**DATA FOR THIS EXERCISE**
Start of Block

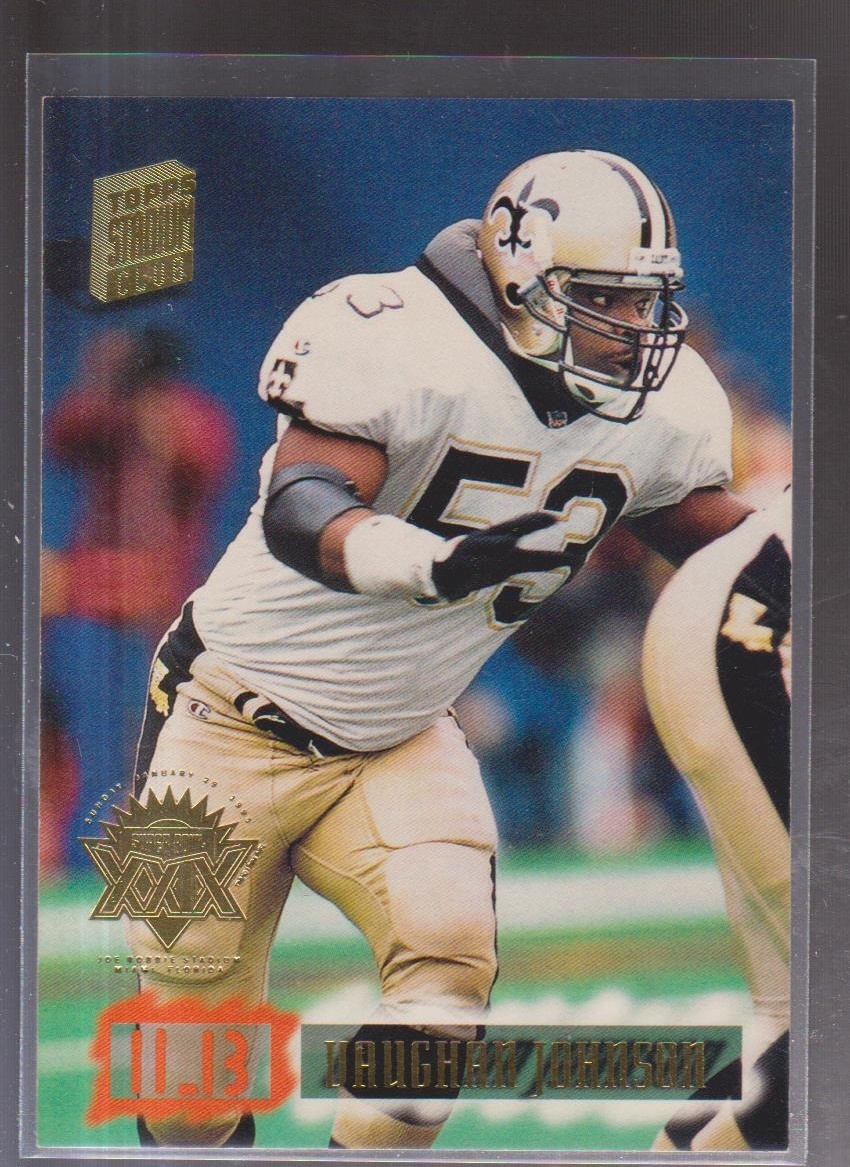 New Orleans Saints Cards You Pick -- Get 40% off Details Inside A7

End of Block
Start of Block

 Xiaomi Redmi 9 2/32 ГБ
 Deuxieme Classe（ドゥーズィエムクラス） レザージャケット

End of Block

**WHAT TO WORK ON**
Once you find the line with "Xiaomi Redmi 9 2/32 ГБ" in the entries above, output it and each line after it up to and including the line with "Deuxieme Classe（ドゥーズィエムクラス） レザージャケット", and nothing else.

**TASK ANSWER**
 Xiaomi Redmi 9 2/32 ГБ
 Deuxieme Classe（ドゥーズィエムクラス） レザージャケット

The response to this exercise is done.